Also: Foot Locker turnaround, salary transparency, TikTok testimony. Good morning. Fortune senior editor at large Geoff Colvin here, filling in for Alan,
For CEOs in eternal combat against cybercriminals—that is, all CEOs—it seems a day that had to come has finally arrived. Being accountable for cyber, erecting the mightiest defenses, trusting fully in world-class experts—none of that is good enough anymore.
So says a new report from ISTARI, a global cybersecurity firm established by Temasek, the Singapore state investment company. The document, “The CEO Report on Cyber Resilience,” was prepared in collaboration with the University of Oxford’s Said Business School.
What strikes me most strongly is the message that CEOs, regardless of their education, must become significantly more cyber-literate, like it or not.

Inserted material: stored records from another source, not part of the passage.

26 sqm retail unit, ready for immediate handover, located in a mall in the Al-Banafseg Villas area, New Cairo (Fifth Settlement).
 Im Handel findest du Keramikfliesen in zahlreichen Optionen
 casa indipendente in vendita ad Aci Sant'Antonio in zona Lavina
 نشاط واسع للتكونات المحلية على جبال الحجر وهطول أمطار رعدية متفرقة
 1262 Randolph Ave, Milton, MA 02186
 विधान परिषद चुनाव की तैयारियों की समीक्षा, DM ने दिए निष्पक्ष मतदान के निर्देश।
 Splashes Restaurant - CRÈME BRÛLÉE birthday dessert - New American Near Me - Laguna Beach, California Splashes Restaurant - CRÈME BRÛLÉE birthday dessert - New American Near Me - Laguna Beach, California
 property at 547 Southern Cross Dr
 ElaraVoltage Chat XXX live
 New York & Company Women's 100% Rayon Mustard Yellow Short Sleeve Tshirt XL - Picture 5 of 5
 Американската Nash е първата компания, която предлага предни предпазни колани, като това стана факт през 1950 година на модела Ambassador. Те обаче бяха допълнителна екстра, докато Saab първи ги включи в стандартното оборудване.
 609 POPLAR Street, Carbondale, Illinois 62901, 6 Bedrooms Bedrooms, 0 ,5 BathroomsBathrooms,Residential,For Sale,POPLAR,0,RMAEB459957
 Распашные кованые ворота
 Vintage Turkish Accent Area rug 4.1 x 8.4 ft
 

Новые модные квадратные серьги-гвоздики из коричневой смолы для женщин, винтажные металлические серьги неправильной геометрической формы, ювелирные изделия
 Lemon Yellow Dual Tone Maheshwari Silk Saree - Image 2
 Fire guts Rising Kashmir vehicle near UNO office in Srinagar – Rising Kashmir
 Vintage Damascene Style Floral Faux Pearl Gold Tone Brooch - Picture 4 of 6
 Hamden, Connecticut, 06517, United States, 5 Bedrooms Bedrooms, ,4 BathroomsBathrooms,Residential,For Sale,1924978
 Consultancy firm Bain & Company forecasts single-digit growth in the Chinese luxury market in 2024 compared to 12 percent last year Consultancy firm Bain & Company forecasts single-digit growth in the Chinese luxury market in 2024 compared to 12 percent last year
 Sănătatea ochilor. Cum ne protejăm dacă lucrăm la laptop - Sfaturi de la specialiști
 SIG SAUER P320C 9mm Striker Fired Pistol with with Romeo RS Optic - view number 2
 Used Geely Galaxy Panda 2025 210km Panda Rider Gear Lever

They don’t have to go to coding school or learn to banter about post-exascale high-performance computing, but they can’t regard the cyber world as a jungle impenetrable by all except lifelong techies. As the report says, CEOs (and by implication those who report to CEOs) must “move from blind trust to informed trust.” They must understand a new language.
The authors reached their conclusions by conducting 37 interviews with anonymized CEOs of global corporations. Some of their stories are striking. “The CIO came to present at an executive meeting and asked us how many servers we thought the company had,” one CEO said. “The lowest estimate in the room was four. The highest was 250. The reality was more than 4,000. That was an incentive for all of us to understand more. We realized we spend millions each year on this technology but don’t really understand it.”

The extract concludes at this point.